A four-o-clock bell compels my feet
to kiss the pair of Nikes
Like they always do,
As they groggily stamp the floors
Of the hospital letters. Flurries
Of rings, wheels, and screams
Inundate the once hallowed
Halls. He hands me the chart,
While he hands me his heart,
Unknowingly, indifferently, winnowed.
Gaze. It tears away, snatched
by her warped, unkempt strings
of numbers. No – harbingers of a tempest.
Her cries knell. Red stains wrapped
about with translucent pains and gauze.
Does she know who will be the purveyor,
The perpetrator,
Of her unsung requiem? Does she know?
The locks embracing the floodgates
cannot escape their sins.

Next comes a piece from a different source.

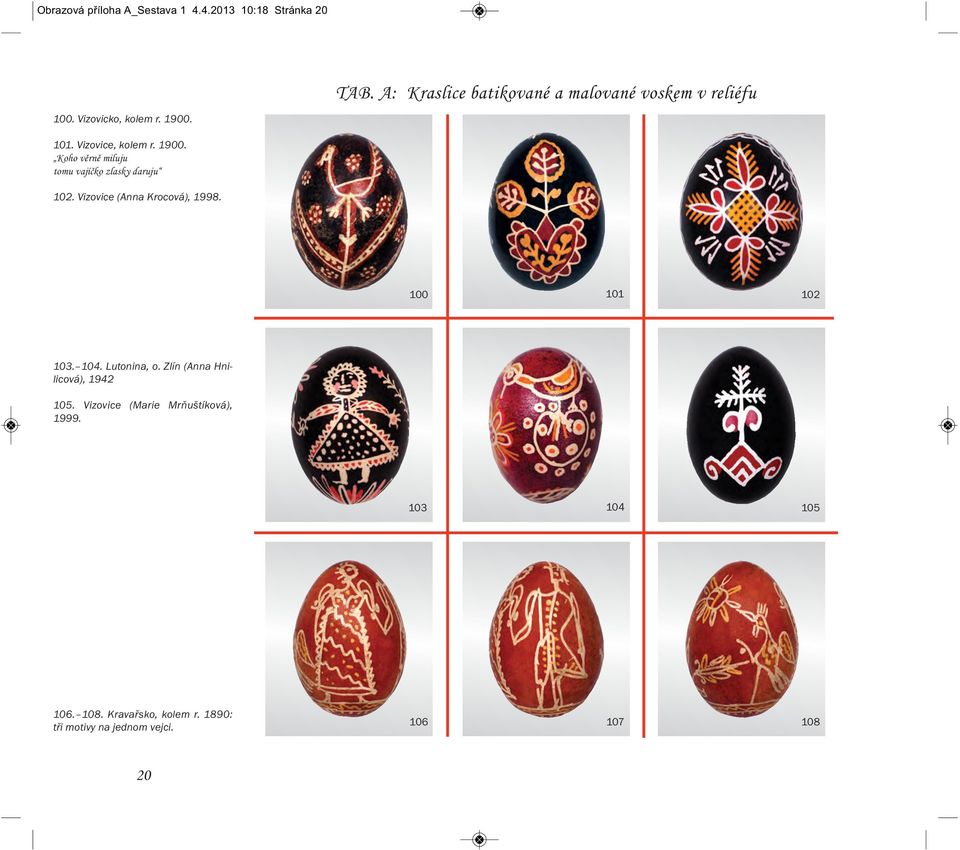 101. Vizovice, kolem r. 1900. Koho věrně miluju tomu vajíčko zlasky daruju 102. Vizovice (Anna Krocová), 1998.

Whilst her gasps
Are rendered inchoate,
A beau, with a cold stench of orchids,
Struts
In, her chasm submerged upon his sight.
Might I let myself in
To change her, foil and all,
But save her from this white-feathered
Margrave?
Because I know, don’t I? Don’t you?
She does it, swift: carefully placing
The feline out of the bag, onto his lap.
It’s yours, it’s yours.
How can he say so, as her temple
Decomposes into its bony score, she trills incessantly
In her opening dirge. Finally.
It’s all here – nothing removed, but nothing
Was there, like the turn in the trick.
She knows
There will be no prestige, only a precious.
Now she
Surrenders the wrinkled fabric of the sun
And lets the redness of the moon gleam.